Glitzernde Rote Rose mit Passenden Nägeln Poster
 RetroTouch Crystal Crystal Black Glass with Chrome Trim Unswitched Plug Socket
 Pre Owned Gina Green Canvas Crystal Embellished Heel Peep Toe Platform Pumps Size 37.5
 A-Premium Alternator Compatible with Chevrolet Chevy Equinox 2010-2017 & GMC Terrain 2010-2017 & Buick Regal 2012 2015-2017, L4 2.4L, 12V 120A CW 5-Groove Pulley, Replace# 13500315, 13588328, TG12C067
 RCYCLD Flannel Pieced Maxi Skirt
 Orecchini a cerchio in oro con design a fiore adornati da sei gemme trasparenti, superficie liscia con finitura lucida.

------------------------------------

Only the lines from the line with "RCYCLD Flannel Pieced Maxi Skirt" to the final line of the entries are to be returned, each exactly as written, both ends included.

- **TASK ANSWER**
 RCYCLD Flannel Pieced Maxi Skirt
 Orecchini a cerchio in oro con design a fiore adornati da sei gemme trasparenti, superficie liscia con finitura lucida.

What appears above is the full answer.